Both Ozone House and Susan’s commitment to this work speaks to the fact that everyone deserves a chance to be seen, feel safe, contribute, be honored for who they are, and validated. This unconditional love is something the world so desperately needs. Susan has taken the opportunity to provide that love to the people in our community who need it the most.
On taking a passion and making it bigger
Shortly after Susan’s family arrived in Ann Arbor, she stumbled across Ozone House. She had already spent a large part of her years in Atlanta in service to at-risk teens. For Susan, it all started in 1999 when she read an article in Family Circle titled “Suddenly Homeless: The Hidden Horror of Foster Care” by Jan Goodwin. She read about how 25% of kids who become too old, or “age out,” of foster care experience homelessness at some point over the next two years of their lives. That really struck her. The article said that one of the things the young people could greatly benefit from was a positive, supportive adult. She thought to herself, “I can do that.” From there, she volunteered in several different capacities with many organizations addressing the needs of youth who were aging out of the foster care system. Those volunteer efforts led to a job creating and managing programs to serve those same youth (including raising the funds needed to operate the programs). Later, Susan co-founded a consultancy to help child welfare organizations with their fundraising and development efforts.

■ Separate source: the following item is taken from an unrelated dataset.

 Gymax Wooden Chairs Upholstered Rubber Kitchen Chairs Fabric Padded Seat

Then, as many families do, Susan’s family moved with her two children from Atlanta to Ann Arbor for her husband’s work. While getting settled in Ann Arbor, she was looking for a way to meet new people and make it her family’s home.
“When I heard about Ozone House, I tried to attend their annual fundraising event in September, but it was sold out. As a person who has spearheaded many fundraisers, I recognized that this was amazing. I knew they were doing something special. I set up a meeting with the Director of Development to understand how I could get involved and the kind of work they were doing.

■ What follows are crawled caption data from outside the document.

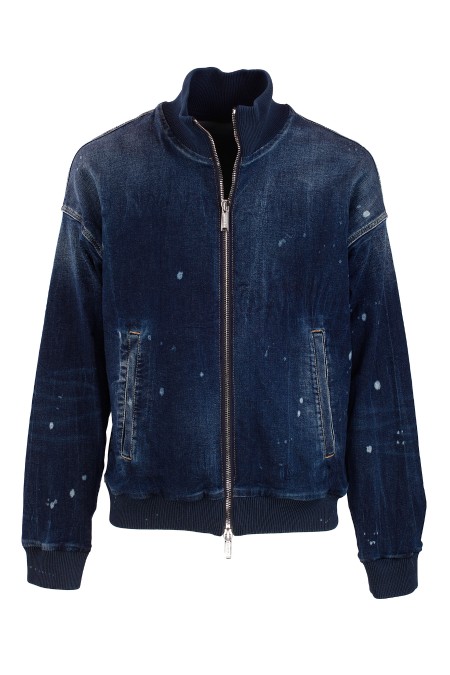 Shop DSQUARED2 Saldi Bomber: DSQUARED2 bomber in denim.
Vestibilità regular.
Lettering DSQUARED2 sul retro.
Lavaggio used con macchie di colore.
Tasche laterali.
Chiusura con zip con doppio cursore.
Collo, polsini e fondo in maglia a coste.
Maniche lunghe.
Composizione: 98% Cotone 2% Elastan.
Fabbricato in Italia.. S74AM1472 S30805-470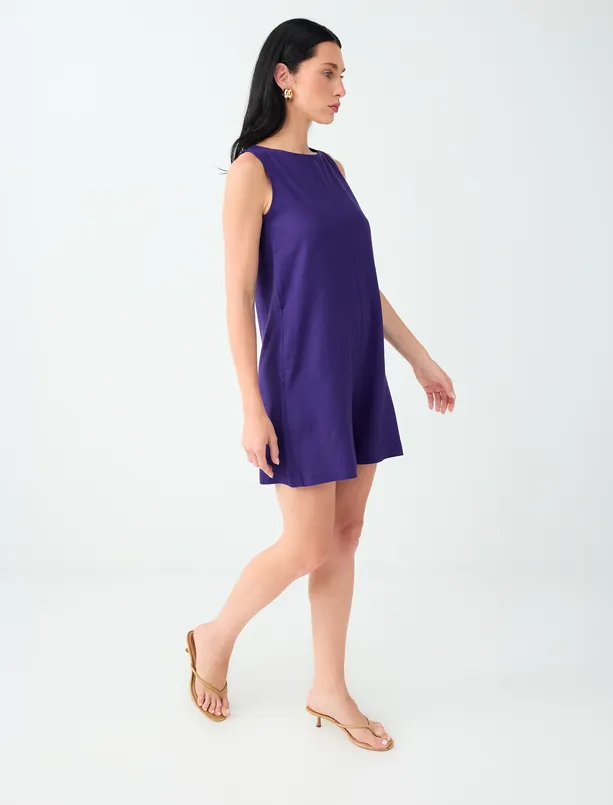 Women Purple Mini Jumpsuit with Pockets and Detailed Linen-Blend Fabric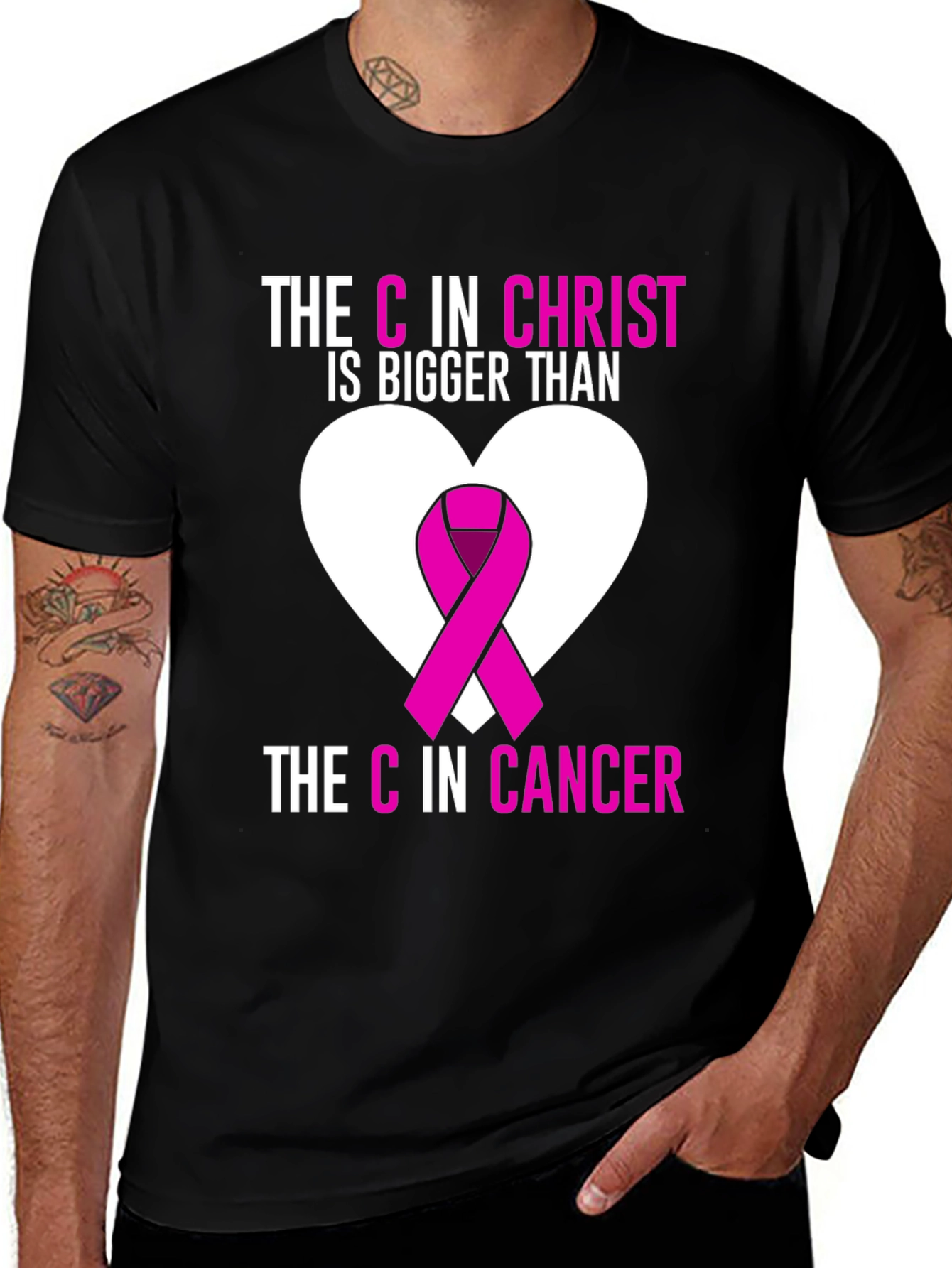 Faith Over Fear T-Shirt: Christ Over Cancer Awareness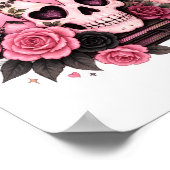 Roze Strik Gothische Schedel Coquette Halloween Poster (Hoek)
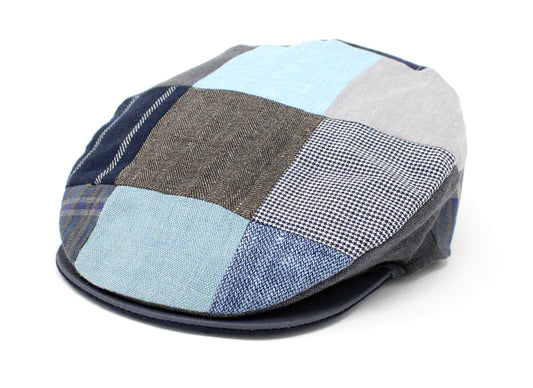 The Linen Vintage Patchwork Cap in Blue/Gray by Hanna Hats of Donegal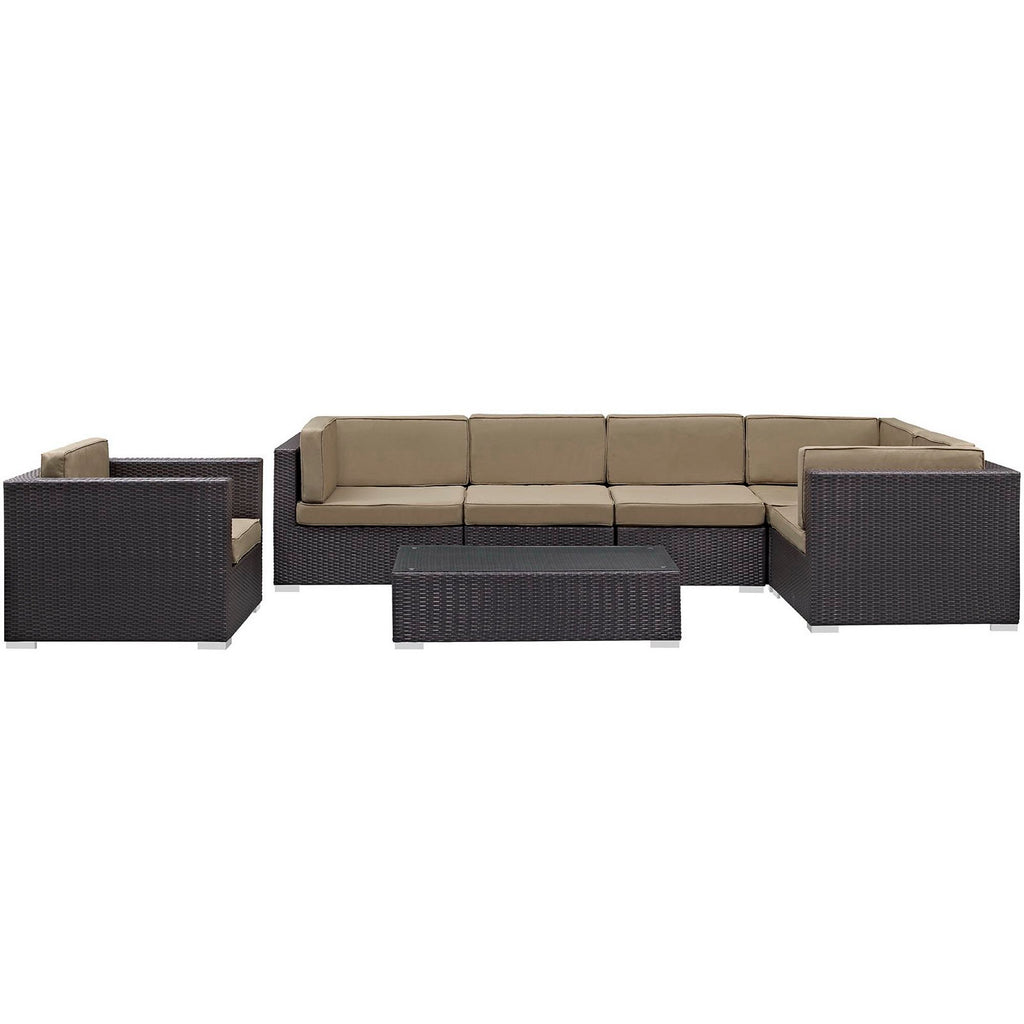 Corona 7 Piece Outdoor Patio Sectional Set - Espresso Mocha
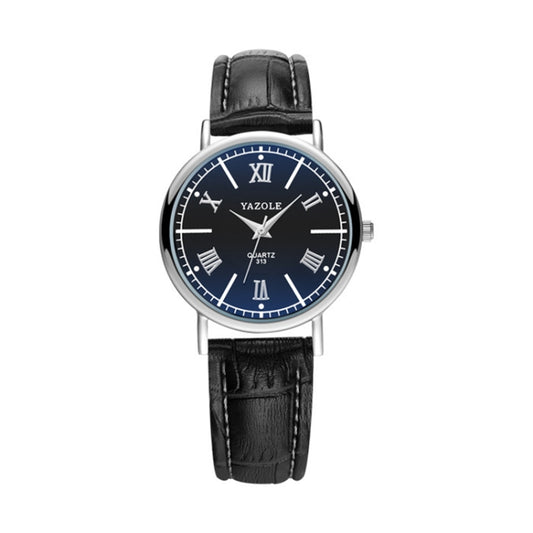 Montre YAZOLE 313 pour femme, cadran à chiffres romains, mouvement à quartz, boîtier noir, bracelet noir, boîtier noir, bracelet marron, boîtier blanc, bracelet noir, bracelet marron, boîtier noir, bracelet argenté, boîtier blanc, bracelet argenté
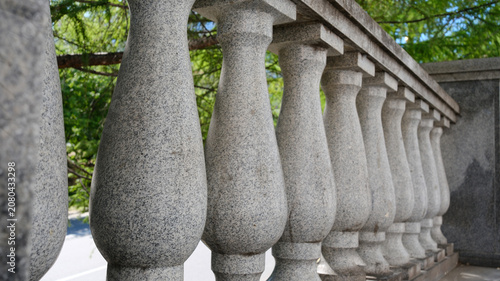 Fotografie Classic stone balustrade with concrete balusters in a historic city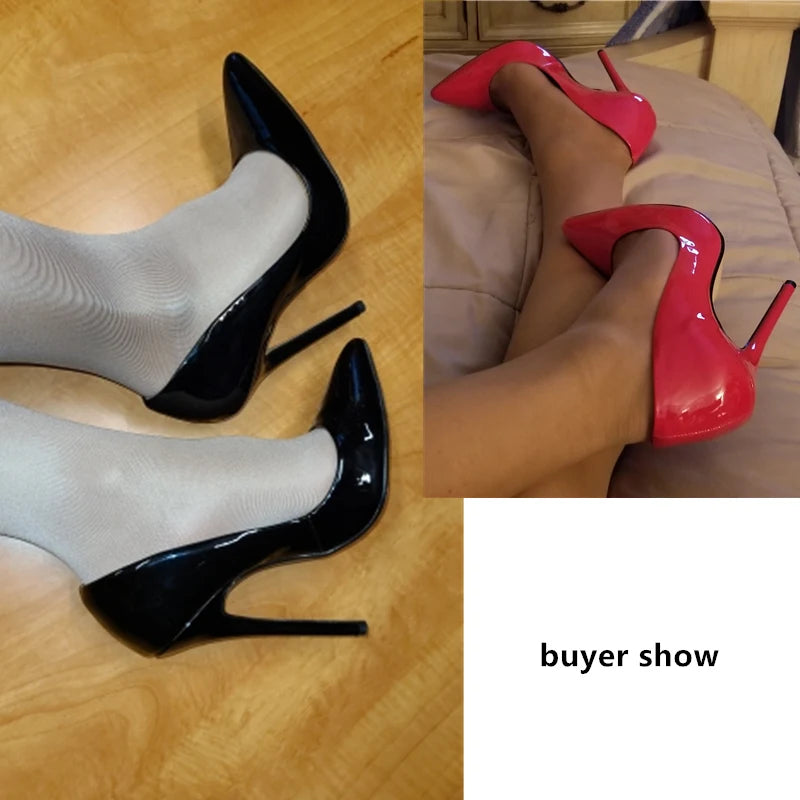 Fashion High Heels Sexy Shoes Women Pumps Large Size 43 44 45 White Stiletto Heel Patent Leather Office Wedding Shoes Hey Si Mey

“When I asked some of my new friends, long-time Ann Arbor residents, about the organization, none of them knew exactly what Ozone House did. One even thought Ozone provided drug rehabilitation services. This was my first introduction to the misperceptions of Ozone’s work. Shortly thereafter, I met with the Executive Director and joined the Development Committee and eventually became a member of the Board. I learned what Ozone House really does:
Ozone House provides prevention and intervention for youth in crisis: housing, case management, counseling, peer support, educational support, job skills training, life skills training—we do it all. Emergency housing, transitional housing, and supportive housing are all included as well. We also offer drop-in support for youth who need a hot meal, a shower, to use the computer, or just have someone see them, acknowledge and appreciate them. We also have a 24-hour crisis line that has recently expanded to text and chat.
“The staff at Ozone House are amazing and many have been here for years. As a donor, I appreciate how fiscally sound the organization is as well. They do so much with so little, and money is never wasted or spent unwisely.”
On understanding youth homelessness
Ozone House does a lot of outreach at schools and maintains a strong relationship with the superintendent’s office within the school district. Their outreach with schools helps teachers recognize the signs of homelessness or instability at home that might cause a teen to need Ozone House. They also have a peer outreach team of young people who are paid and trained to talk about Ozone House services with other young people at community spaces like the bus station, the library, the mall, and different events.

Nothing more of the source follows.